Institute on Taxation and Economic Policy (ITEP)

March 23, 2026

New from ITEP: Gas Price Surge Costs American Drivers $9.4 Billion a Month; Gas Tax Holidays Won’t Solve This Problem for Working Families

News ReleaseITEP Staff

Share

The recent spike in gasoline prices is on pace to cost American drivers an additional $9.4 billion per month, according to a new analysis released today by the Institute on Taxation and Economic Policy (ITEP). Driven by the ongoing Iran war, which has sent prices soaring by about a dollar per gallon in a single month, the financial strain is being felt most acutely in the South.

“Pretty much everyone is paying more for gas right now, but the impact is particularly severe in the South because folks there tend to buy more gas than in other parts of the country,” said ITEP Research Director and report author Carl Davis. “Some lawmakers are talking about gas tax holidays to help bring down these very high prices, but the truth is that tax breaks just aren’t going to solve this problem. Most of the tax cuts aren’t going to reach the people who are struggling most right now.”

Key Findings:

  • Gas prices are up dramatically across the country, but the South has been hit hardest and is on pace to pay $4.2 billion more per month. The average driving-age person in the South will pay $39 more per month in higher gas prices, compared to $34 nationally or $24 in the Northeast.

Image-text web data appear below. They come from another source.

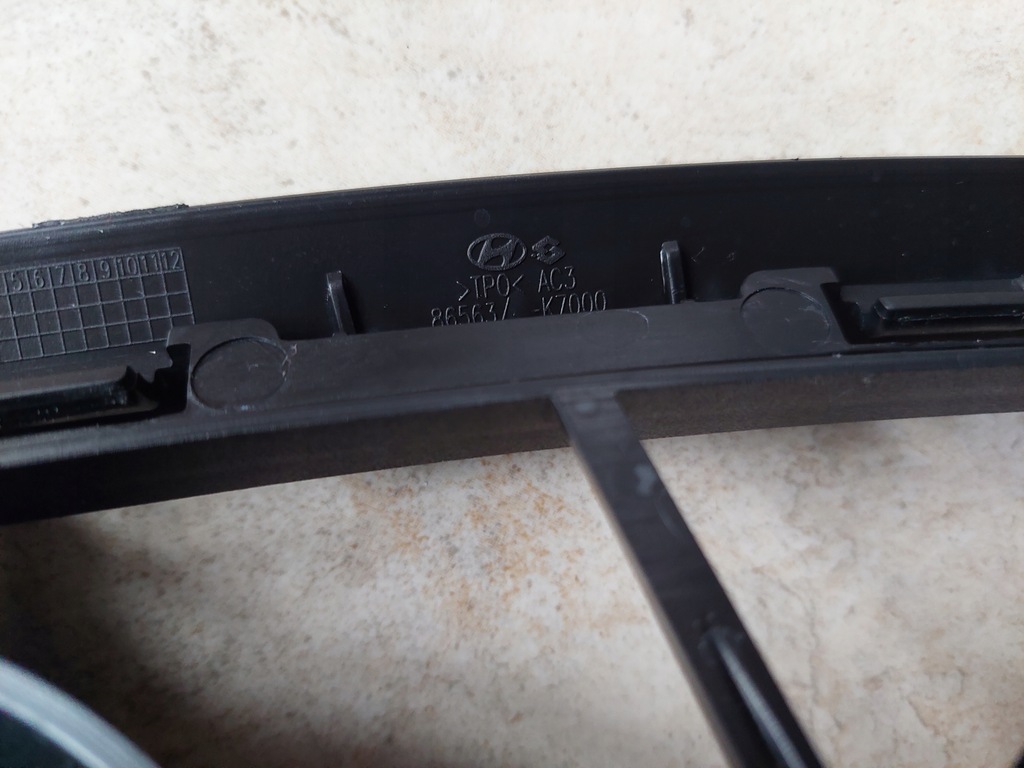 фото №8, Решётка бампера - левая - воздуховод воздуха - hyundai i10 iii - 2019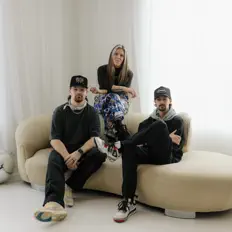 Ascolta CLINE, guarda video musicali, leggi la biografia, vedi le date del tour & altro!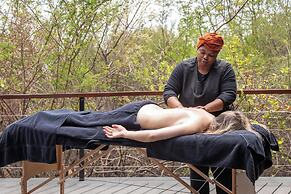 Tuningi Safari Lodge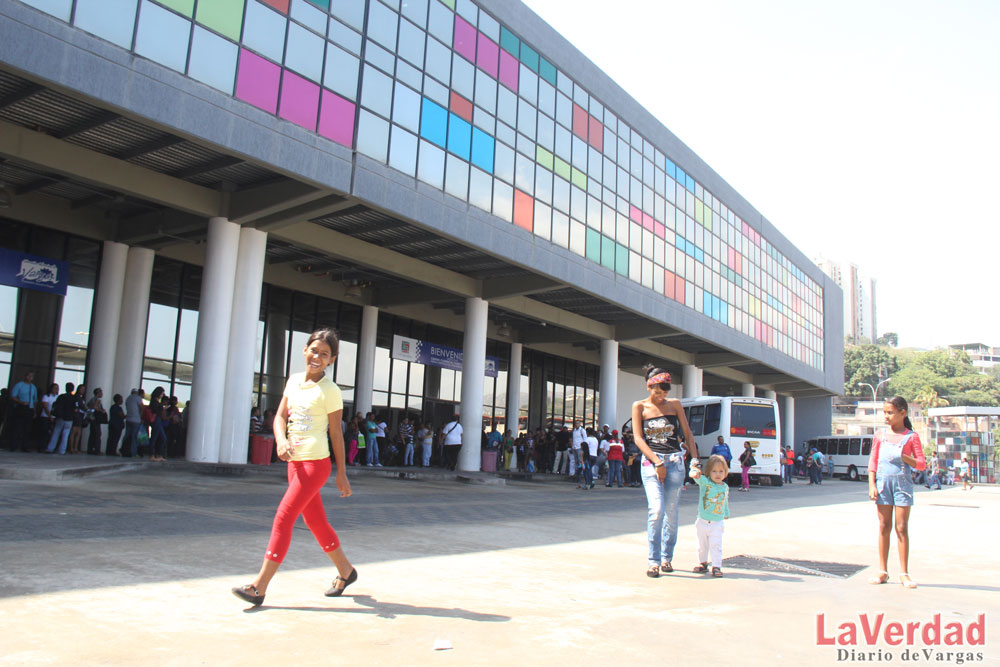 Más de 100 mil pasajeros se han trasladado por el terminal de Catia la Mar
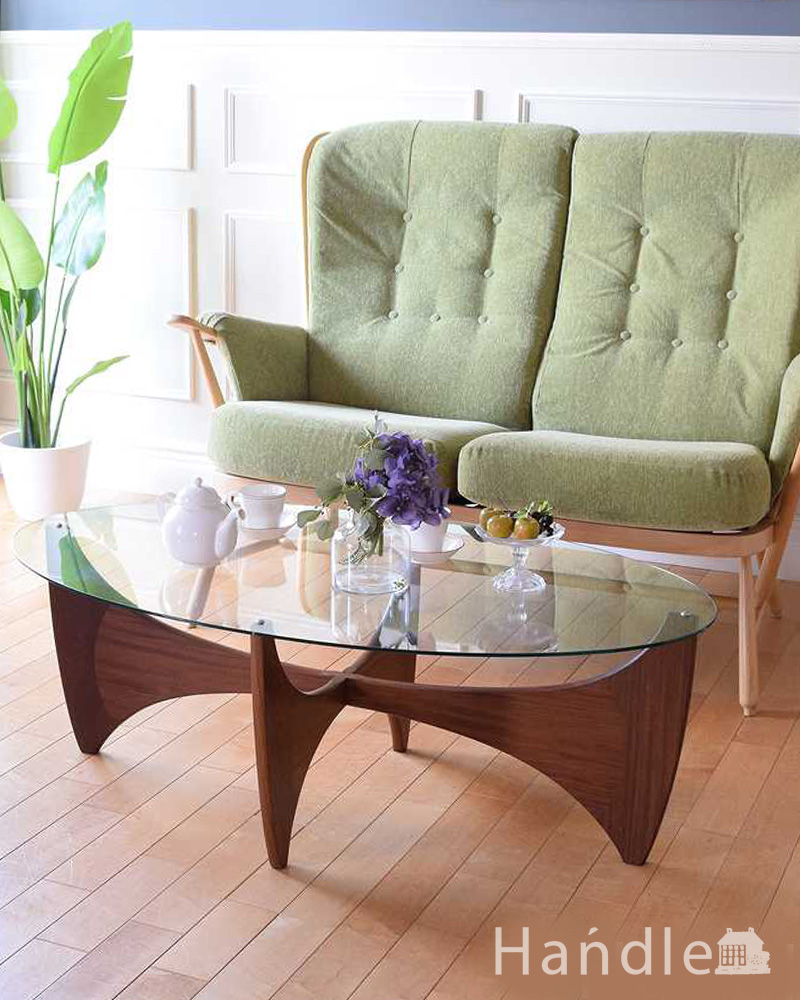 北欧デザインのヴィンテージ家具、ガラストップのお洒落なコーヒーテーブル（G-PLAN） (k-2627-f)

If gas prices remain elevated, the average additional cost for households will be several hundred dollars per year.
  • Alabama is the most affected state in the nation, with residents spending an extra $52 per person, per month. Other heavily impacted states include Mississippi ($51), Wyoming ($49), Kentucky ($47), and New Mexico ($44).
  • Some lawmakers are proposing gas tax holidays to help working-class consumers, but these are largely symbolic and steer significant benefits to the oil industry. For example, a federal gas tax holiday would cost $2.4 billion a month in revenue yet save families earning under $53,000 only about $5 a month. And state gas tax holidays, such as those enacted in Georgia or proposed in Connecticut, see a significant portion of their value—between 38% and 40%—flow to nonresidents and the oil industry rather than local working families.